Well no it isn't. It's about a mans decent into confusion & chaos. It about the man's feelings on loosing himself. I know, I know movies have been done about this. Most recently a film called "Away from her" by Sarah Polley has tackled this issue with great skill, and has been hailed by critics as a wonderful and powerful film. I have not seen the film since I was writing something that was similar, and I didn't not want to be dismayed by what I had written and what Ms Polley film had portrayed. In no way could I probably approach what Sarah Polley had done due to my budgetary restraints, but I am hoping to make it a true account of how my father felt as he was being taken from us ever so slowly.

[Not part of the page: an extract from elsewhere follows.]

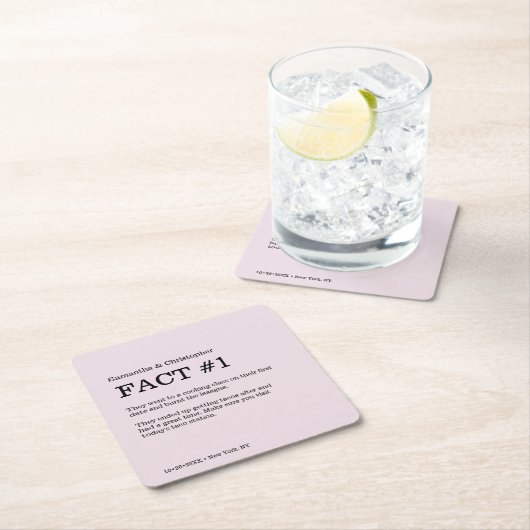 Dusty Rose Wedding Custom Fun Fakt Rechteckiger Pappuntersetzer (Vor Ort)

Why do I write about this here? Partly to try and express the difficulty of writing good material. I know that it will take me some time to complete this project, but it is something I am passionate about, and its something I feel worth saying. I have no high expectations for this film other then to tell my fathers story to his grandchildren. The grandchildren he never got to see. The film is a worthwhile endeavor and something that I really want to make work. I don't know if I can pull it off given the budgetary constraints. Every time I think about the story I dread writing about it. I feel that I may never do justice to the memory of my father. As I write I seem to reject more ideas or material then I accept, and I know I'm self censoring myself at times. It's not about me, it's about a fathers journey. It spans 80's years, and a lifetime of achievements that are good and bad.

Finding the time, and getting it all down on paper seems a chore. I've at least identified what I want to do, but the task at hand still seems daunting. I know I can make a film. My first film showed me that, but this time it's personal and it means a lot more to me. Wish me luck I'm going to need it.